» Exercise
Please give an exact transcription of the lines below, from the one that contains "Netherland Dwarf rabbits" to the very last, with no other lines.

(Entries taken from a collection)

=-=-=

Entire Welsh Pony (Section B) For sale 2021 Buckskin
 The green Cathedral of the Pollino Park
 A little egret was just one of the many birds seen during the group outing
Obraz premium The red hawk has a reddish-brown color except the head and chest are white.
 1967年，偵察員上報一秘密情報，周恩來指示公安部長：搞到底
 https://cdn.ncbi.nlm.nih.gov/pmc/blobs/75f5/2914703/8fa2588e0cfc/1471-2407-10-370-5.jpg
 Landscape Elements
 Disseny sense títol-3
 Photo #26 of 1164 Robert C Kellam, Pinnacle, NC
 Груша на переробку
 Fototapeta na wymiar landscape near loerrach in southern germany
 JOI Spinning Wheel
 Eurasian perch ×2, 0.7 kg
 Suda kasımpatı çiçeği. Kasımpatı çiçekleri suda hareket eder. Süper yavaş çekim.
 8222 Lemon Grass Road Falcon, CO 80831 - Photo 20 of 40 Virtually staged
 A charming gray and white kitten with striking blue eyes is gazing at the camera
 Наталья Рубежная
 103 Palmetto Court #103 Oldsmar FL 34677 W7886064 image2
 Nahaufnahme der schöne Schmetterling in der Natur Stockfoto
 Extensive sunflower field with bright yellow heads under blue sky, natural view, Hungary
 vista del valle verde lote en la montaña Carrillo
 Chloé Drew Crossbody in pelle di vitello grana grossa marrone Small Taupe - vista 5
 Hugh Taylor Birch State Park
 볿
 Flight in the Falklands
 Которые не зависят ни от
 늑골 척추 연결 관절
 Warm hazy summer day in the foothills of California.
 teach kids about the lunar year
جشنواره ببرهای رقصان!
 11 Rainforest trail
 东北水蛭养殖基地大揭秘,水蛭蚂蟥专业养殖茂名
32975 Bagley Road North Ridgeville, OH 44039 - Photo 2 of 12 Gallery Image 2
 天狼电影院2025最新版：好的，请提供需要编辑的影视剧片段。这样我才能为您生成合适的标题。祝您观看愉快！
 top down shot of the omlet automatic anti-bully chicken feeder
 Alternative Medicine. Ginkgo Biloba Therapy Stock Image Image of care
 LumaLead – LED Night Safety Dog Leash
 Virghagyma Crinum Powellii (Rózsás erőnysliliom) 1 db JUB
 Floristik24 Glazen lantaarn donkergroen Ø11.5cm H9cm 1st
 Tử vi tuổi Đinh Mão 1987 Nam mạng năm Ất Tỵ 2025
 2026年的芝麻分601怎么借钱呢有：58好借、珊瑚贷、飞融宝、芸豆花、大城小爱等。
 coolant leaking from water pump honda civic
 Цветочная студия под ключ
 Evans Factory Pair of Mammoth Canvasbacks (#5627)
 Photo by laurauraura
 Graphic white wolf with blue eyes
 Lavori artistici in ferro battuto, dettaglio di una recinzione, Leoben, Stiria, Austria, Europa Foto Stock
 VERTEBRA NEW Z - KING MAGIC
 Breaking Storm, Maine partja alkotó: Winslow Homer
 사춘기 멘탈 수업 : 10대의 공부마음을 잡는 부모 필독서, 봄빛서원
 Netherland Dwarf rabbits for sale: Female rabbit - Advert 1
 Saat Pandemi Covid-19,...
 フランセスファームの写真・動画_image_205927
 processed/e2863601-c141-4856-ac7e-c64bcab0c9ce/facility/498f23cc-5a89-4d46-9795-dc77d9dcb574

=-=-=

» Expected output
 Netherland Dwarf rabbits for sale: Female rabbit - Advert 1
 Saat Pandemi Covid-19,...
 フランセスファームの写真・動画_image_205927
 processed/e2863601-c141-4856-ac7e-c64bcab0c9ce/facility/498f23cc-5a89-4d46-9795-dc77d9dcb574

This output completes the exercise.